Acevedo was processed at the police station on Belmont known as “019 West” and brought to a cell where he was alone, authorities said. Surveillance video caught him hiding the gun, loaded with five rounds, underneath a mattress.
On Sunday, a judge denied bail for Acevedo during a hearing at the Leighton Criminal Court Building. Acevedo, of the 1200 block of North California Avenue, was charged with being an armed habitual criminal, a Class X felony punishable with up to 30 years in prison.
State prison officials also lodged a hold on his release, claiming a possible parole violation that will be determined at a later date.

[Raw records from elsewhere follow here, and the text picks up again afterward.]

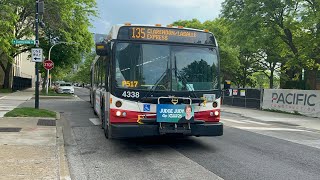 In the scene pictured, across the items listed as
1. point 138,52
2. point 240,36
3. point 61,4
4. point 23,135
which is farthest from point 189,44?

Acevedo’s criminal background includes dozens of arrests since 2000 and six felony convictions, mostly for drug offenses, and eight misdemeanor convictions.
In a statement to the Tribune, a spokesman for police Superintendent Eddie Johnson said the department has opened an internal investigation into how three officers and a civilian aide apparently missed the gun. They could face suspension.
“CPD takes the safety and security of police officers and individuals in police custody extremely seriously,” spokesman Anthony Guglielmi said in the statement.
The Police Department’s Internal Affairs Division will conduct the review, including interviews with officers and detainees, he said.
People taken into police custody are subjected to a “protective pat down,” where officers search a person’s outer clothing for weapons or drugs. Arrestees are not required to undergo strip searches.
Smuggling weapons past authorities at police stations and county jails are considered rare, though a number of notable cases have cropped up around the country in recent years.
Last year, a man arrested for battery and violating an order of protection was accused of bringing a loaded .32-caliber Kel-Tec handgun into Cook County Jail and tossing it into a garbage can. The incident sparked an investigation by Chicago police Internal Affairs.
In February 2011, two Chicago police officers were wounded inside their squad car by a handcuffed panhandler who pulled a handgun the officers failed to find during a pat-down. Both officers shot and killed the man.
In 2012, a man managed to smuggle a .38-caliber revolver with a 6-inch barrel inside the Onslow County Jail in North Carolina after concealing it inside a body cavity, according to published reports.